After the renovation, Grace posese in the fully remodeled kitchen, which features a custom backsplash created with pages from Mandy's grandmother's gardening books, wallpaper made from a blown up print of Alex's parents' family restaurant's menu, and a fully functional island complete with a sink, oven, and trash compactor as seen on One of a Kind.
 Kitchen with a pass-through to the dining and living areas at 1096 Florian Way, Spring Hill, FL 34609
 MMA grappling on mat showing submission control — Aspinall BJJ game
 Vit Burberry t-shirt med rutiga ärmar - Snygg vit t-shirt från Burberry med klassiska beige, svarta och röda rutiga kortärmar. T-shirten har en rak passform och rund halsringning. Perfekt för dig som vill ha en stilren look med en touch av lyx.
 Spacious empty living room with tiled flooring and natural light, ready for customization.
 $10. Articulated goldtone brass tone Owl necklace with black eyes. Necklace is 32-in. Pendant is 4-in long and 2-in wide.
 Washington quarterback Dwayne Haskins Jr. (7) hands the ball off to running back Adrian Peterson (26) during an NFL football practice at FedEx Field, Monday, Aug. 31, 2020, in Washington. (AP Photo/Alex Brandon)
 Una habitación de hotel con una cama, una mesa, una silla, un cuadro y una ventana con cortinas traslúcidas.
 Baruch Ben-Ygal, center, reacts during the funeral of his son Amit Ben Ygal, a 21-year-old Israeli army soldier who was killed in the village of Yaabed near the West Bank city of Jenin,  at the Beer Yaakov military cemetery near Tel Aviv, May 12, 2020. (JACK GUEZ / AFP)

- _REQUIREMENT_
Show each line in the entries that holds the string "with".

- _RESPONSE TO THE EXERCISE_
After the renovation, Grace posese in the fully remodeled kitchen, which features a custom backsplash created with pages from Mandy's grandmother's gardening books, wallpaper made from a blown up print of Alex's parents' family restaurant's menu, and a fully functional island complete with a sink, oven, and trash compactor as seen on One of a Kind.
 Kitchen with a pass-through to the dining and living areas at 1096 Florian Way, Spring Hill, FL 34609
 Spacious empty living room with tiled flooring and natural light, ready for customization.
 $10. Articulated goldtone brass tone Owl necklace with black eyes. Necklace is 32-in. Pendant is 4-in long and 2-in wide.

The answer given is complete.